» Supplied material
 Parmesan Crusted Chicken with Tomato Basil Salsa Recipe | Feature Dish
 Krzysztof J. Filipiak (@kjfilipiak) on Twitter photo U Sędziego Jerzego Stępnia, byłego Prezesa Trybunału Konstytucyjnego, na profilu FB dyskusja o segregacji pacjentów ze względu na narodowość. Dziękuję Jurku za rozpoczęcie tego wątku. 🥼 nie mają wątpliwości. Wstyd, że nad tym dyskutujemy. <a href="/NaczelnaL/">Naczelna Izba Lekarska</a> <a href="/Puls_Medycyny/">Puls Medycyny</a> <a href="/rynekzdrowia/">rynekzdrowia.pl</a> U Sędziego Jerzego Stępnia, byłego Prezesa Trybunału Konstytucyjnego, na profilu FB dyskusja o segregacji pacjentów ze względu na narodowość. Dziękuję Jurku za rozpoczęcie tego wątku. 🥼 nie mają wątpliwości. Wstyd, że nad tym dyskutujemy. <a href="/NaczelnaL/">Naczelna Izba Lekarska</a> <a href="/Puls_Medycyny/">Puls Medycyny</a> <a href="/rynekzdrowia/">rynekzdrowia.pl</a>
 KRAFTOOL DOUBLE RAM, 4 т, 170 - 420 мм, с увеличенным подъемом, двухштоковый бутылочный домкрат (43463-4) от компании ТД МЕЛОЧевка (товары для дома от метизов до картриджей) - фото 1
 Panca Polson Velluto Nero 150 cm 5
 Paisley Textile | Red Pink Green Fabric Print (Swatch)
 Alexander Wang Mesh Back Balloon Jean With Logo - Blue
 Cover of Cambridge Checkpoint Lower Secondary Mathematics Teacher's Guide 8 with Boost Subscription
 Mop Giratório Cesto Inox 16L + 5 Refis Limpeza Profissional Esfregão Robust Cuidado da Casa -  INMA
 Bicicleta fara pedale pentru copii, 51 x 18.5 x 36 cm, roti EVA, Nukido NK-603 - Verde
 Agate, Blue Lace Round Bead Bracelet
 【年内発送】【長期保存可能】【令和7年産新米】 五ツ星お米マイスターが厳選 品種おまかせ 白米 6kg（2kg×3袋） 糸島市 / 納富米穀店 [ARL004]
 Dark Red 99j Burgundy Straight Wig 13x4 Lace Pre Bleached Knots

» Work to complete
Your task is to retype all of the records exactly.

» Result of this exercise
 Parmesan Crusted Chicken with Tomato Basil Salsa Recipe | Feature Dish
 Krzysztof J. Filipiak (@kjfilipiak) on Twitter photo U Sędziego Jerzego Stępnia, byłego Prezesa Trybunału Konstytucyjnego, na profilu FB dyskusja o segregacji pacjentów ze względu na narodowość. Dziękuję Jurku za rozpoczęcie tego wątku. 🥼 nie mają wątpliwości. Wstyd, że nad tym dyskutujemy. <a href="/NaczelnaL/">Naczelna Izba Lekarska</a> <a href="/Puls_Medycyny/">Puls Medycyny</a> <a href="/rynekzdrowia/">rynekzdrowia.pl</a> U Sędziego Jerzego Stępnia, byłego Prezesa Trybunału Konstytucyjnego, na profilu FB dyskusja o segregacji pacjentów ze względu na narodowość. Dziękuję Jurku za rozpoczęcie tego wątku. 🥼 nie mają wątpliwości. Wstyd, że nad tym dyskutujemy. <a href="/NaczelnaL/">Naczelna Izba Lekarska</a> <a href="/Puls_Medycyny/">Puls Medycyny</a> <a href="/rynekzdrowia/">rynekzdrowia.pl</a>
 KRAFTOOL DOUBLE RAM, 4 т, 170 - 420 мм, с увеличенным подъемом, двухштоковый бутылочный домкрат (43463-4) от компании ТД МЕЛОЧевка (товары для дома от метизов до картриджей) - фото 1
 Panca Polson Velluto Nero 150 cm 5
 Paisley Textile | Red Pink Green Fabric Print (Swatch)
 Alexander Wang Mesh Back Balloon Jean With Logo - Blue
 Cover of Cambridge Checkpoint Lower Secondary Mathematics Teacher's Guide 8 with Boost Subscription
 Mop Giratório Cesto Inox 16L + 5 Refis Limpeza Profissional Esfregão Robust Cuidado da Casa -  INMA
 Bicicleta fara pedale pentru copii, 51 x 18.5 x 36 cm, roti EVA, Nukido NK-603 - Verde
 Agate, Blue Lace Round Bead Bracelet
 【年内発送】【長期保存可能】【令和7年産新米】 五ツ星お米マイスターが厳選 品種おまかせ 白米 6kg（2kg×3袋） 糸島市 / 納富米穀店 [ARL004]
 Dark Red 99j Burgundy Straight Wig 13x4 Lace Pre Bleached Knots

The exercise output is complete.